----- DATA SHOWN -----

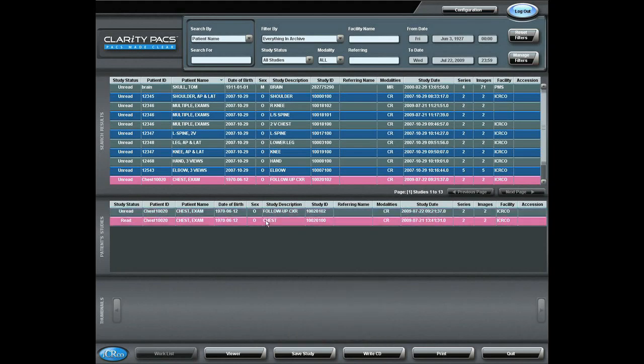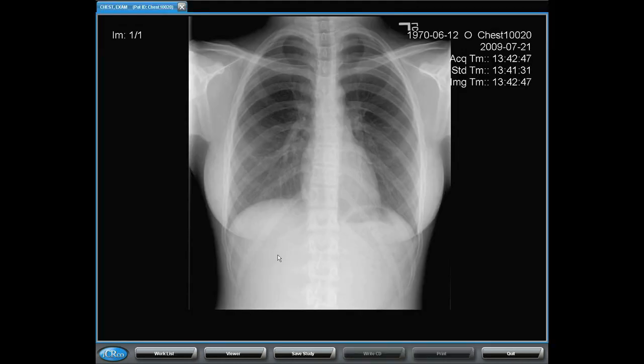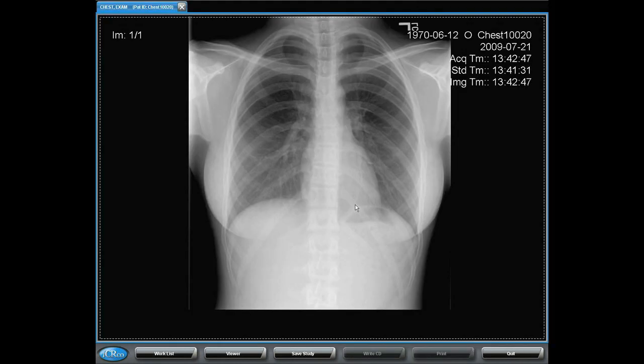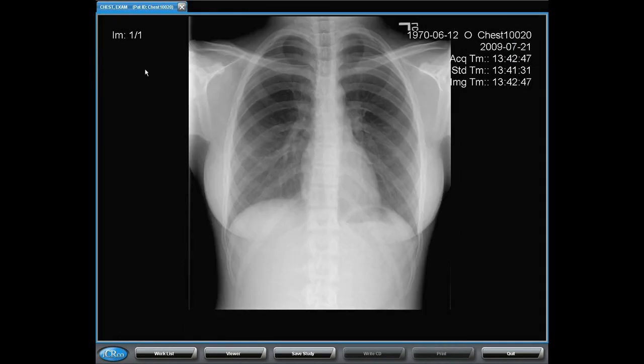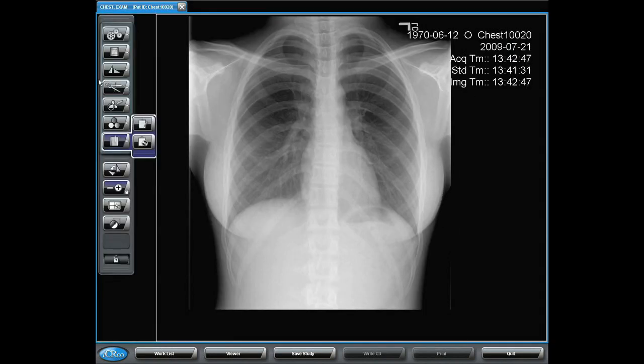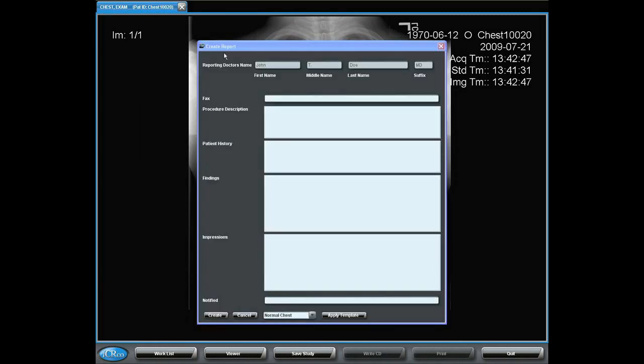So, when I access the examination that I'm going to interpret, I read my PA and my lateral views. I can access from my toolbar the report function.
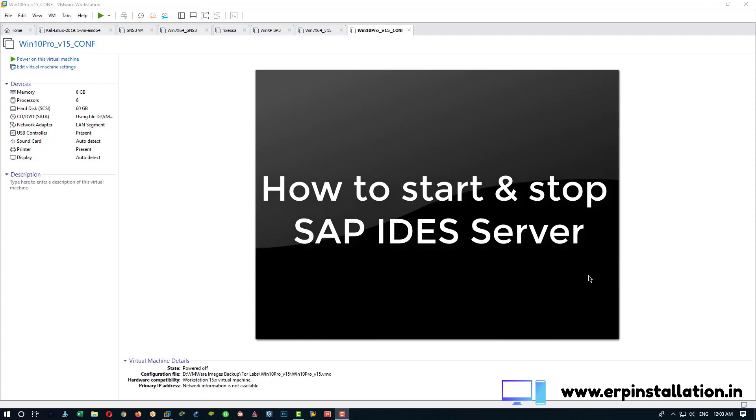Hello, now I am going to show you how you can start and stop the SAP server.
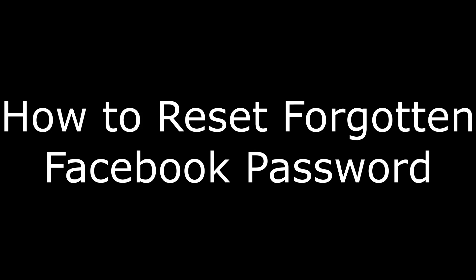Hi. I'm Max Dalton, and in this video I'm going to talk through how to reset your Facebook password if you forgot it.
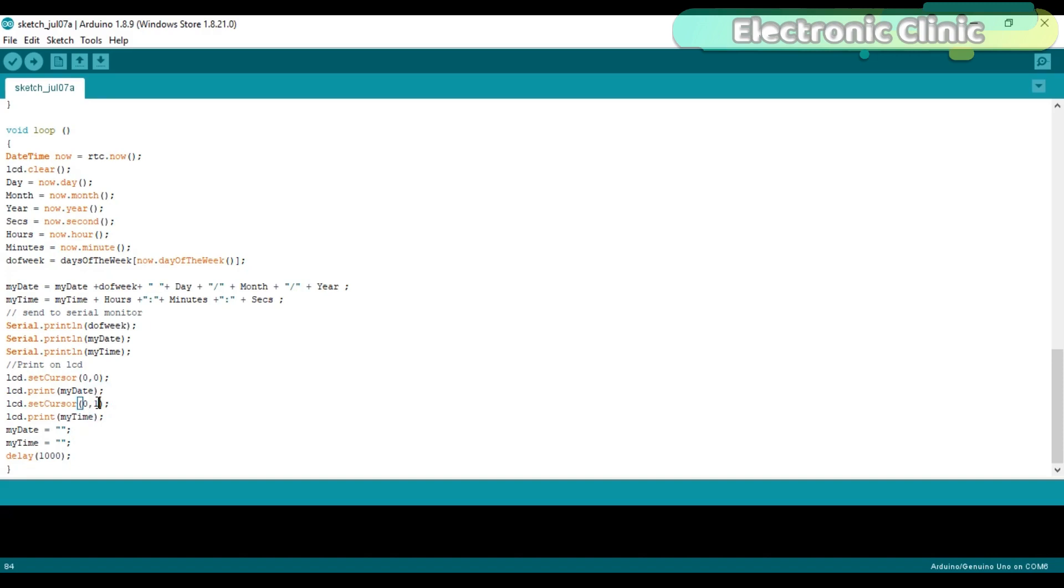Finally, we empty both variables and we use a delay of one second.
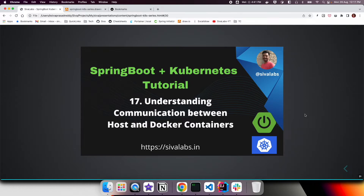Welcome to the 17th part of the Spring Boot Kubernetes tutorial series. In the previous video, we completed development of our UI application using Next.js and thought of dockerizing it as well. But before that, it's important to understand how communication happens between the host and Docker containers, and among Docker containers themselves. In this video, we're going to learn how this communication happens.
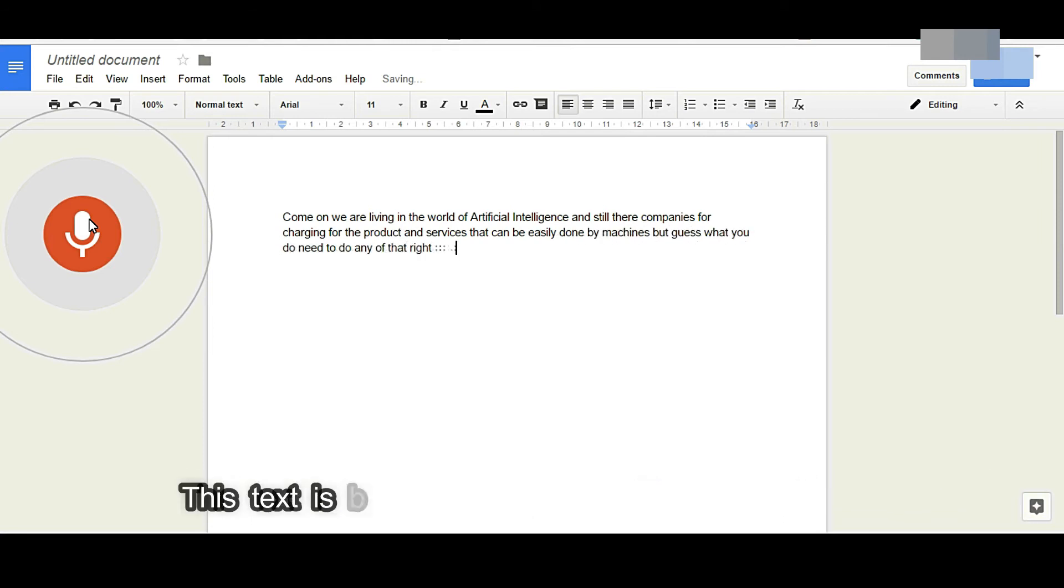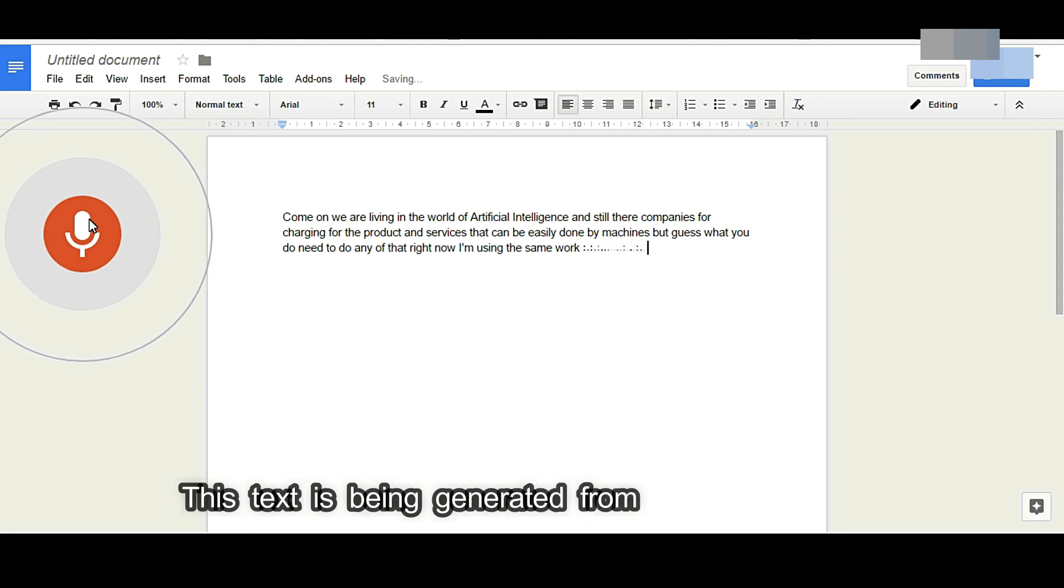Right now I am using this program to automatically change the captions in this video, and as you see, the files are pretty accurate. Right?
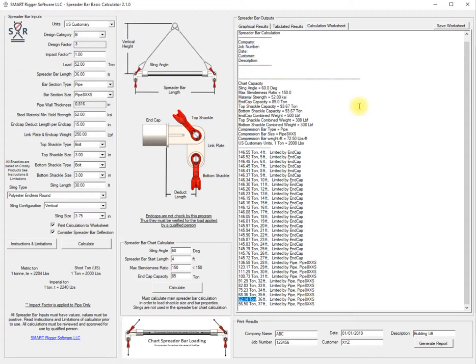That is the basic rundown for the basic spreader bar calculator.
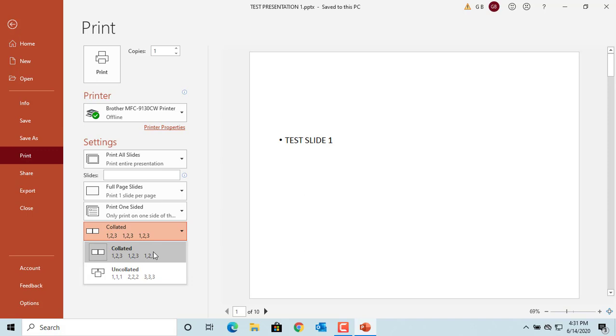If you print five copies of a presentation and select collate, then slides 1 to 10 are printed, then again slides 1 to 10, up to five times. It's easy to group them as handouts.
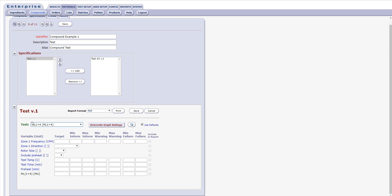The functionality here is identical to that of the Specification Editor's Criteria tab. This allows you to make changes to the specification from within the compound function.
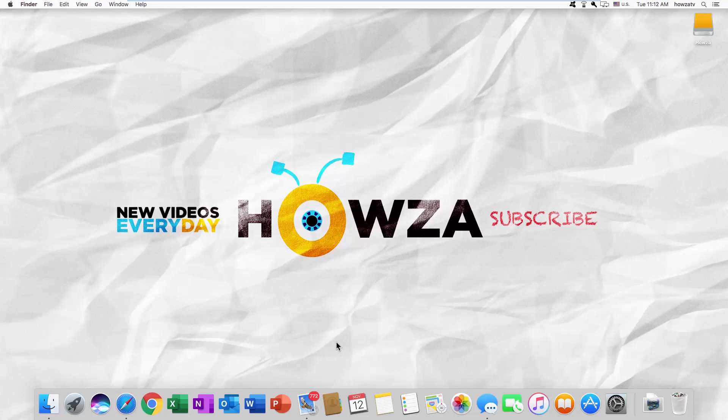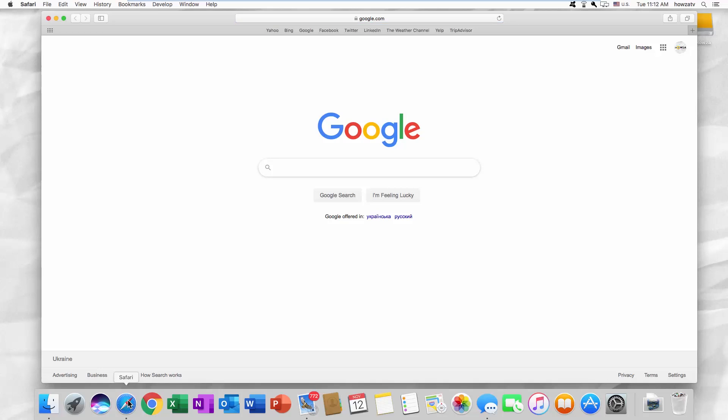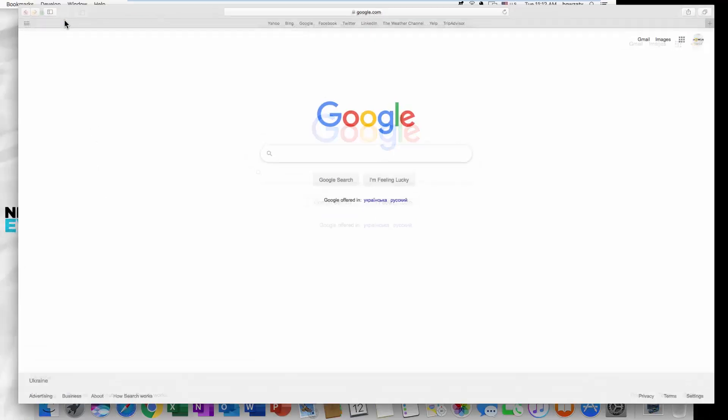Welcome to Howza Channel! In today's lesson, we will teach you how to use account switching on Amazon. Open your web browser and go to the Amazon web page.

-----

YOUR OBJECTIVE: The answer must consist of the entries above, reproduced word for word, without any pictures.

PROBLEM SOLUTION:
So, when I access the examination that I'm going to interpret, I read my PA and my lateral views. I can access from my toolbar the report function.
Hello, now I am going to show you how you can start and stop the SAP server.
Hi. I'm Max Dalton, and in this video I'm going to talk through how to reset your Facebook password if you forgot it.
Finally, we empty both variables and we use a delay of one second.
Welcome to the 17th part of the Spring Boot Kubernetes tutorial series. In the previous video, we completed development of our UI application using Next.js and thought of dockerizing it as well. But before that, it's important to understand how communication happens between the host and Docker containers, and among Docker containers themselves. In this video, we're going to learn how this communication happens.
Right now I am using this program to automatically change the captions in this video, and as you see, the files are pretty accurate. Right?
That is the basic rundown for the basic spreader bar calculator.
If you print five copies of a presentation and select collate, then slides 1 to 10 are printed, then again slides 1 to 10, up to five times. It's easy to group them as handouts.
The functionality here is identical to that of the Specification Editor's Criteria tab. This allows you to make changes to the specification from within the compound function.
Welcome to Howza Channel! In today's lesson, we will teach you how to use account switching on Amazon. Open your web browser and go to the Amazon web page.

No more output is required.